→ **Exercise objective**
Although the listing below holds pictures, reproduce only its lines from the one containing "A baseball player" through the last, exactly and without them.

↓

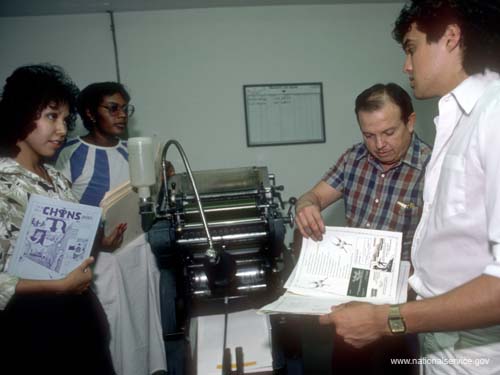 Printer Isidro Garcia (plaid shirt) discusses the publication of the next issue of CHINS Notes, a magazine reflecting the experiences of young people in Las Cruces, New Mexico, with VISTA members (left to right) Annette Alvarez, Norma Scott, and Derek Rubio in 1986.
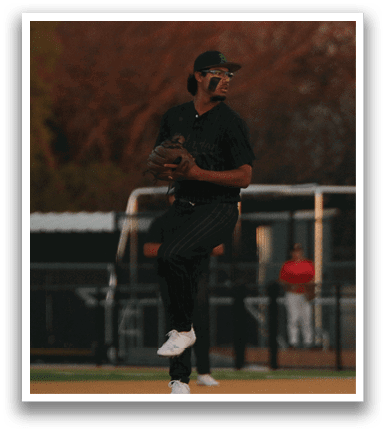 A baseball player in a green shirt and black pants is pitching a ball. AI generated content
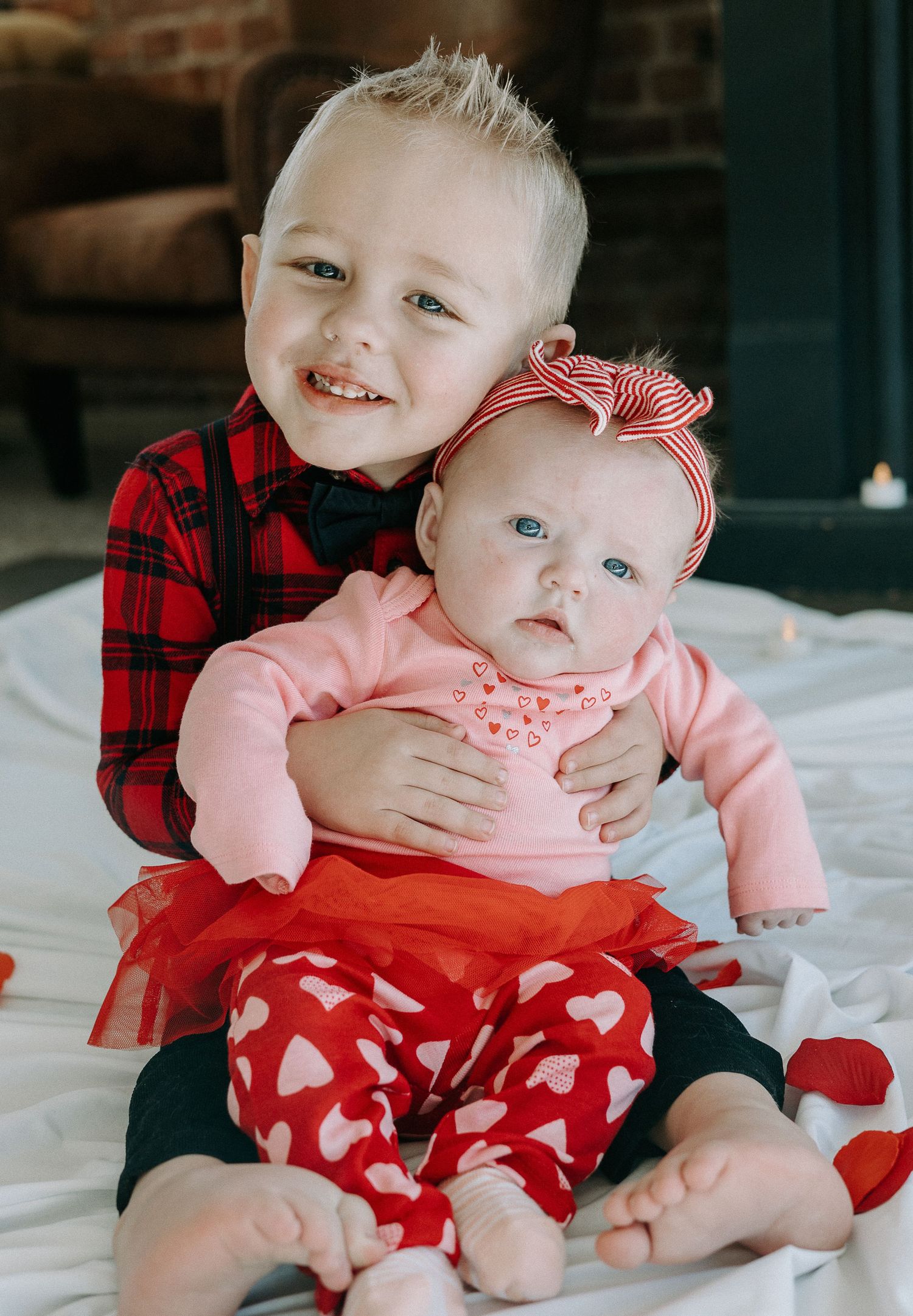 A heartwarming moment in front of an exposed brick wall as a figure in white lifts a baby wearing coral pink clothing.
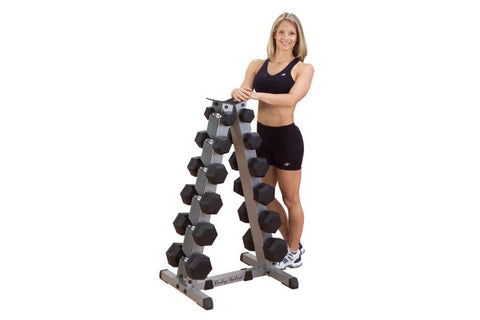 Woman in black sports bra and shorts standing next to dumbbell rack holding dumbbells, on white background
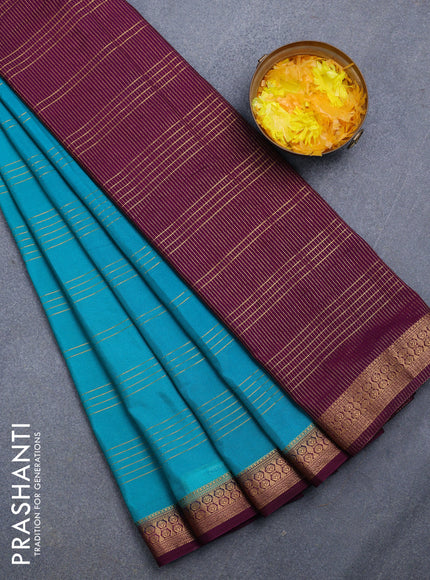 Semi crepe saree teal green shae and purple with allover zari stripe pattern and zari woven border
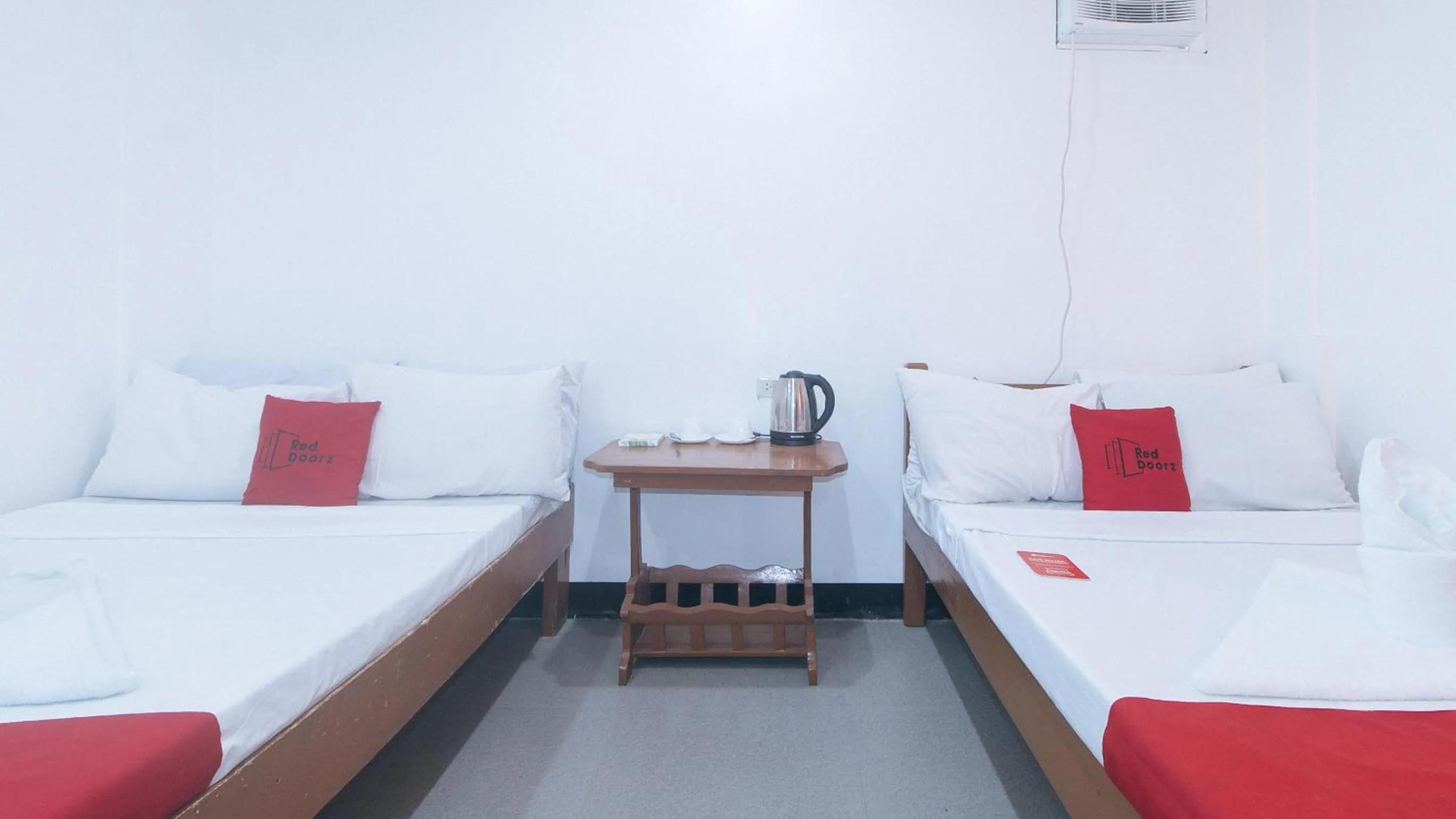 Bed in RedDoorz @ Lualhati Garden Cottage El Nido Palawan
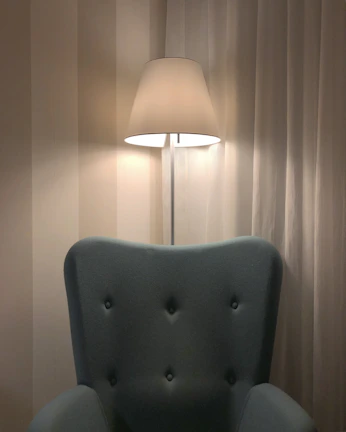Elegant floor lamp with a slender design standing beside a comfy armchair.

↑

→ **The completed task**
 A baseball player in a green shirt and black pants is pitching a ball. AI generated content
 A heartwarming moment in front of an exposed brick wall as a figure in white lifts a baby wearing coral pink clothing.
 Woman in black sports bra and shorts standing next to dumbbell rack holding dumbbells, on white background
 Semi crepe saree teal green shae and purple with allover zari stripe pattern and zari woven border
 Bed in RedDoorz @ Lualhati Garden Cottage El Nido Palawan
Elegant floor lamp with a slender design standing beside a comfy armchair.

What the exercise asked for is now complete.